[Interface roadmap] fit objects and `extract`

Hey all,

I wanted to break out this topic from the larger interface roadmap draft. We need to decide what the posteriors returned from the fit objects will look like. I asked Ben about replacing “extract” and he wrote the following:

For RStan3, I don’t think there should be a standalone extract function (or many standalone functions for that matter) because functions with names like extract conflict with functions that have the same name in other packages.

There could be an $extract() method for the Reference Class that holds the output, but I think it would be kind of unnecessary. I think users would be able to do foo$theta to get the draws of thetarather than foo$extract(pars = “theta”) or something like that. The user wanted all or most of the parameters, then as.matrix, as.data.frame, etc. would presumably be more useful.

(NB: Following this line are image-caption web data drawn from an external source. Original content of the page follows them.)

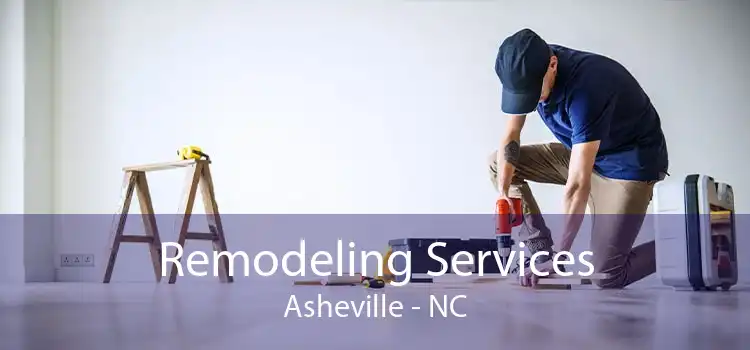 Remodeling Services Asheville - NC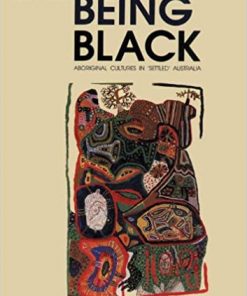 Being Black: Aboriginal Cultures in Settled Australia eBook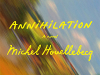 The cover to Annihilation by Michel Houellebecq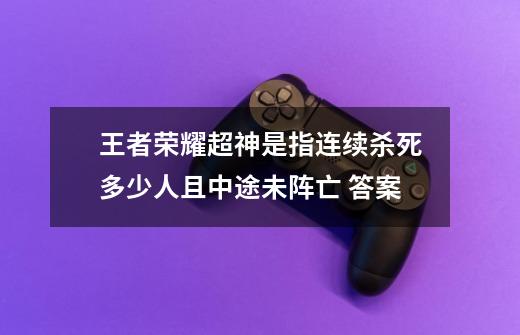 王者荣耀超神是指连续杀死多少人且中途未阵亡 答案-第1张-游戏信息-龙启网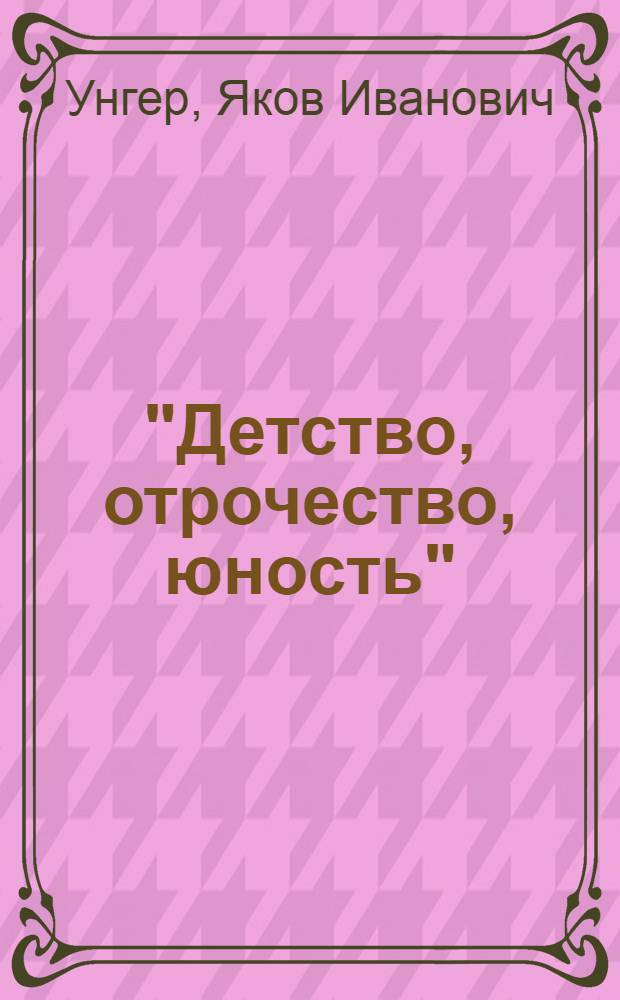 "Детство, отрочество, юность" : исторические записки, посвященные 110-летию со времен основания г. Славгорода и окружающих его немецких поселений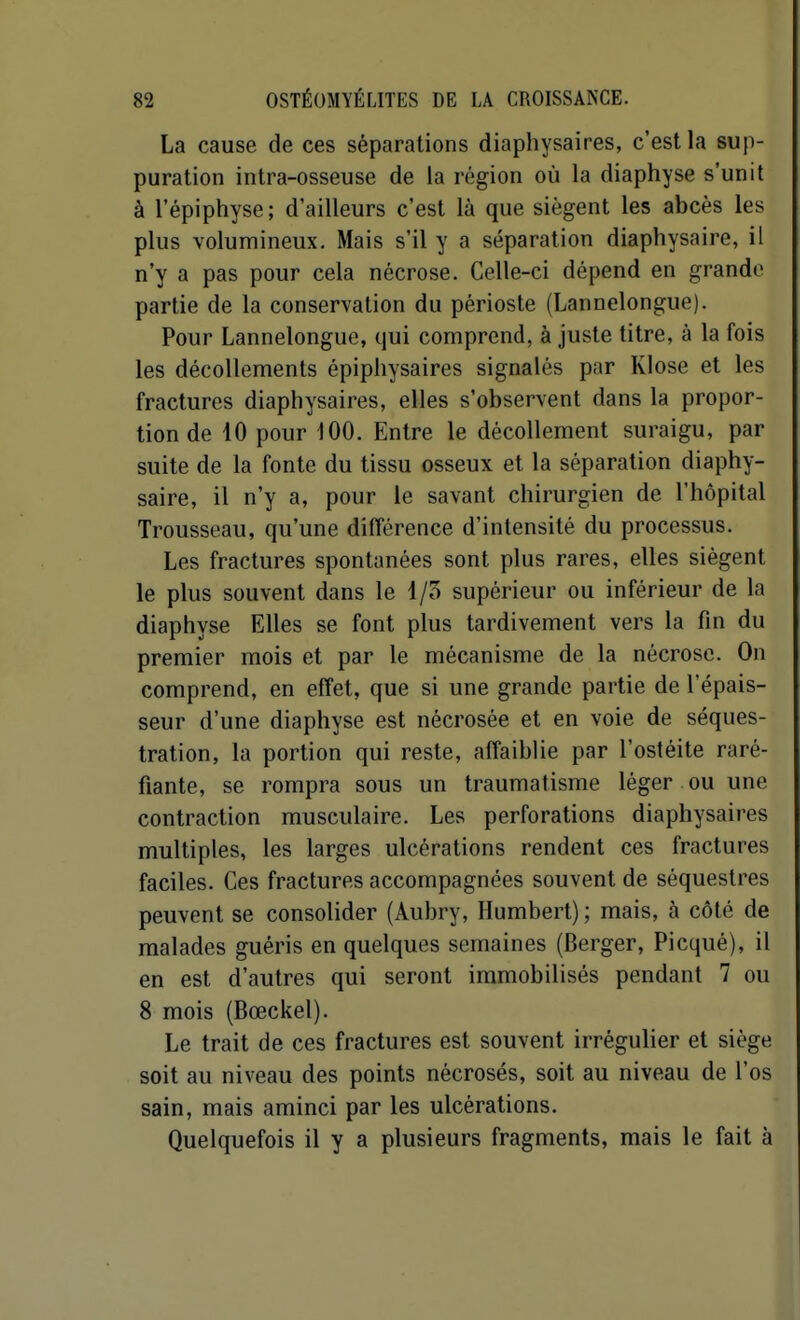 La cause de ces séparations diaphysaires, c'est la sup- puration intra-osseuse de la région où la diaphyse s'unit à l'épiphyse; d'ailleurs c'est là que siègent les abcès les plus volumineux. Mais s'il y a séparation diaphysaire, il n'y a pas pour cela nécrose. Celle-ci dépend en grande partie de la conservation du périoste (Lannelongue). Pour Lannelongue, qui comprend, à juste titre, à la fois les décollements épiphysaires signalés par Klose et les fractures diaphysaires, elles s'observent dans la propor- tion de 10 pour 100. Entre le décollement suraigu, par suite de la fonte du tissu osseux et la séparation diaphy- saire, il n'y a, pour le savant chirurgien de l'hôpital Trousseau, qu'une différence d'intensité du processus. Les fractures spontanées sont plus rares, elles siègent le plus souvent dans le I/o supérieur ou inférieur de la diaphyse Elles se font plus tardivement vers la fin du premier mois et par le mécanisme de la nécrose. On comprend, en effet, que si une grande partie de l'épais- seur d'une diaphyse est nécrosée et en voie de séques- tration, la portion qui reste, affaiblie par l'ostéite raré- fiante, se rompra sous un traumatisme léger ou une contraction musculaire. Les perforations diaphysaires multiples, les larges ulcérations rendent ces fractures faciles. Ces fractures accompagnées souvent de séquestres peuvent se consolider (Aubry, Humbert) ; mais, à côté de malades guéris en quelques semaines (Berger, Picqué), il en est d'autres qui seront immobilisés pendant 7 ou 8 mois (Bœckel). Le trait de ces fractures est souvent irrégulier et siège soit au niveau des points nécrosés, soit au niveau de l'os sain, mais aminci par les ulcérations. Quelquefois il y a plusieurs fragments, mais le fait à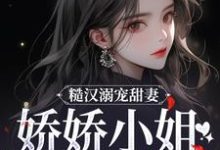 完结版糙汉溺宠甜妻，娇娇小姐甜如蜜在哪免费看，林蔓周隐小说在线阅读-逐鹿文学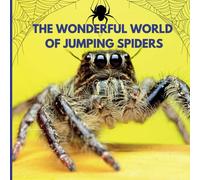 The Wonderful World of Jumping Spiders: Interesting Facts About Jumping Spiders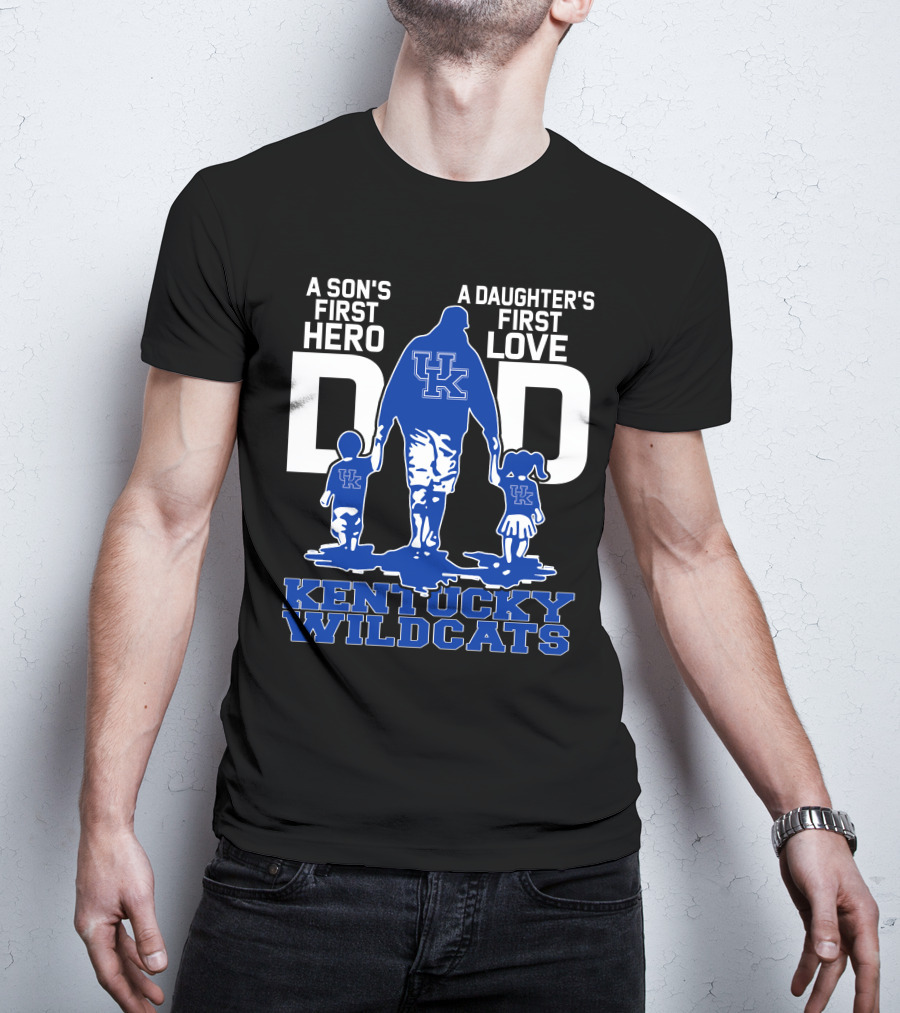 A Son's First Hero A Daughter's First Love Dad Kentucky Wildcats T-Shirt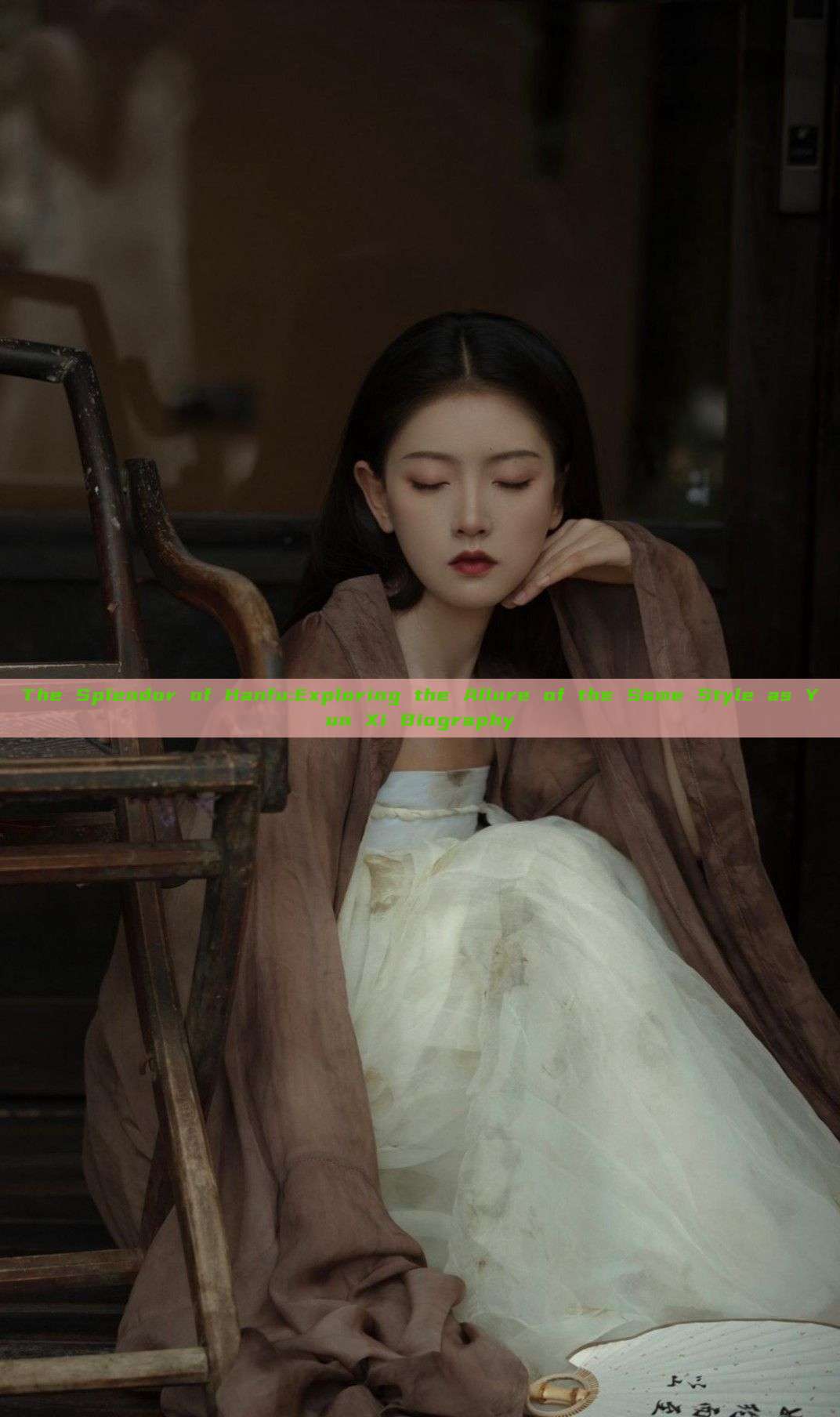 The Splendor of Hanfu:Exploring the Allure of the Same Style as Yun Xi Biography The Splendor of Hanfu:Exploring the Allure of the Same Style as Yun Xi Biography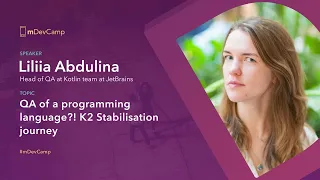 Liliia Abdulina: QA of a programming language?! K2 Stabilisation journey – mDevCamp 2024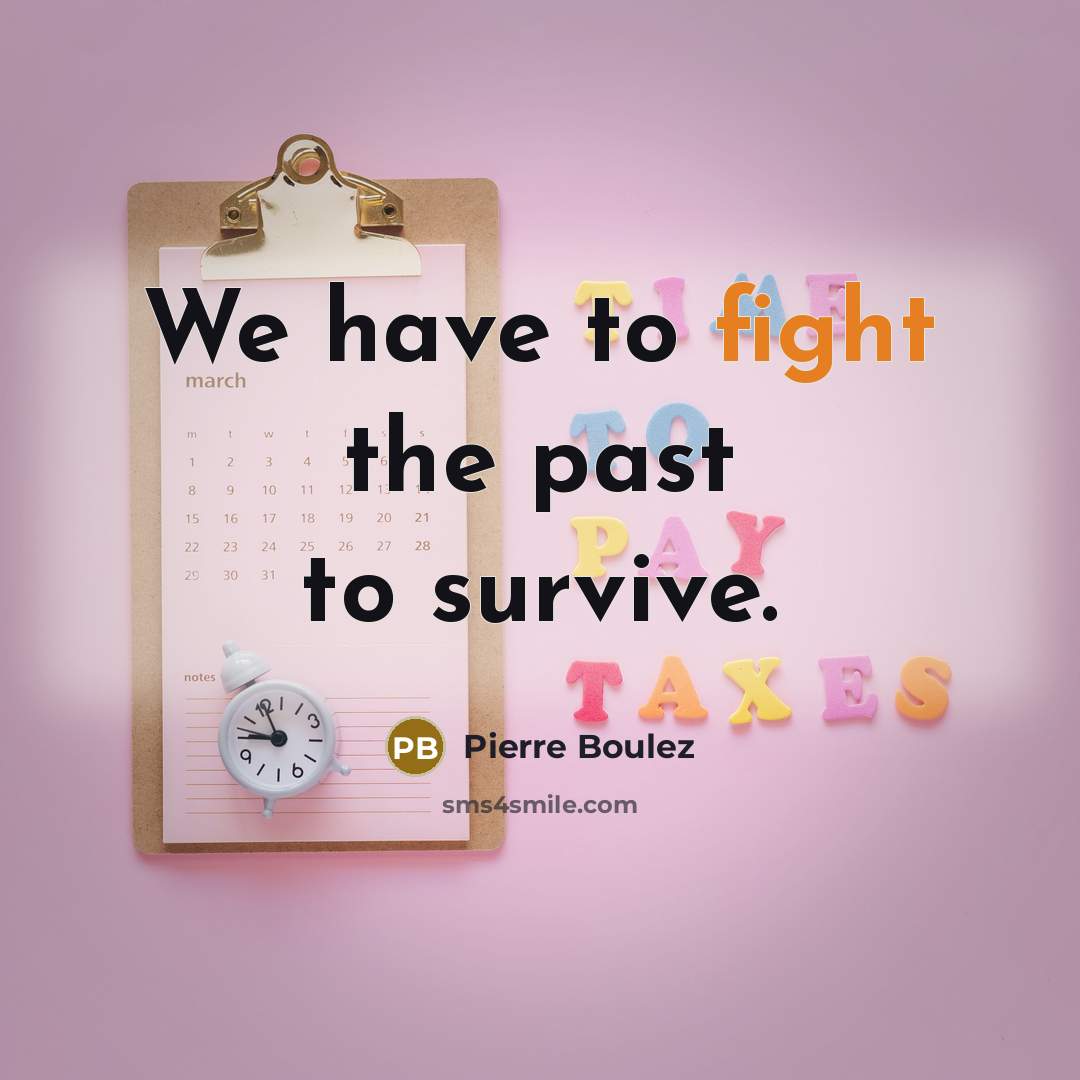 “We have to fight the past to survive.” quote by Pierre Boulez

So, could go either way on an $extract method, but the main points (which I think were agreed upon in 2014) were that

  • The permute argument should die
  • The order should be StanDimensions x Chains x MainIterations so that it is easy to add more iterations to the back and so that you don’t have to do anything if you want to analyze the thing with the distinction between chains and main iterations erased.

Do you all still agree on this direction? Here I’ll attempt to write it up declaratively as it would appear in the end result roadmap document, noting places where I’m filling in specifics that weren’t specified anywhere and could use comment with italics and question marks. I was unsure about most of these details, so please correct me as needed.

Returning results

The language interfaces will return an object representing the results of fitting a Stan model (henceforth called a “StanFit” object, though the name isn’t important) that allows attribute access to each of the named parameters, transformed parameters, and generated quantities returned by running a Stan inference algorithm on data. The iterations will be stored flat (?) such that the first dimension is the MainIteration number, the 2nd dimension is the chain number, and the rest of the dimensions are the StanDimensions (? is this right or backwards? see example:). For example, if we have a two dimensional array parameter real theta[2]; and the following fit result containing two iterations on two chains:

iteration chain theta.1 theta.2
1 1 11.1 11.2
1 2 12.1 12.2
2 1 21.1 21.2
2 2 22.1 22.2

The results would be a single dimensional (flat) array as the following: fit.theta = [11.1, 11.2, 12.1, 12.2, 21.1, 21.2, 22.1, 22.2].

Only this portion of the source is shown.